E’ contrario all’inefficiente invadenza giurisdizionale; all’astrusa oppressione amministrativa; all’affannosa intrusione fiscale.

E’ contrario all’irresponsabilità impunita dei pubblici dipendenti; al mancato riconoscimento del merito, ovunque esso si esplichi; alla disattenzione nei confronti della volontà popolare, chiaramente espressa.

Risolviamo questi problemi e di federalismo, in senso più o meno proprio, non sentiremo più parlare.

Diamo allo Stato quello che è dello Stato e alle autonomie locali quello che è delle autonomie locali ed avremo presto quel che la gente desidera veramente.

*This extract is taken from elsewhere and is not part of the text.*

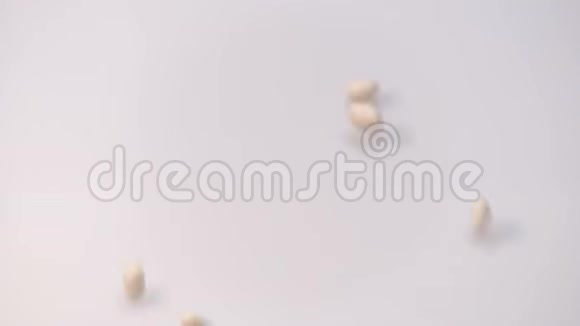 白色背景上的白色小豆豆从顶部掉落并填充框架慢动作视频的预览图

Facciamo sì che il pubblico gestisca quella minima quantità di reddito nazionale che è strettamente necessaria per le funzioni e per i servizi che soltanto l’Ente pubblico può gestire.

Lasciamo invece che il privato si occupi di tutto quanto può essere gestito o mobilitando il principio di convenienza o attivando meccanismi di volontariato.

Allora otterremo un rifiorire del nostro Paese con tutte le sue incredibili energie volte al miglioramento delle condizioni di ciascuno e, contemporaneamente, di tutti.

Smettiamo di spendere il debito e ricominciamo ad accumulare ricchezza; così potremo sovvenire quanti non potranno partecipare alla nuova corsa all’oro.

Ma sia ben chiaro! coloro che non vorranno correre non dovranno mettere i bastoni fra le ruote e dovranno rassegnarsi a restare nel loro paradiso perduto.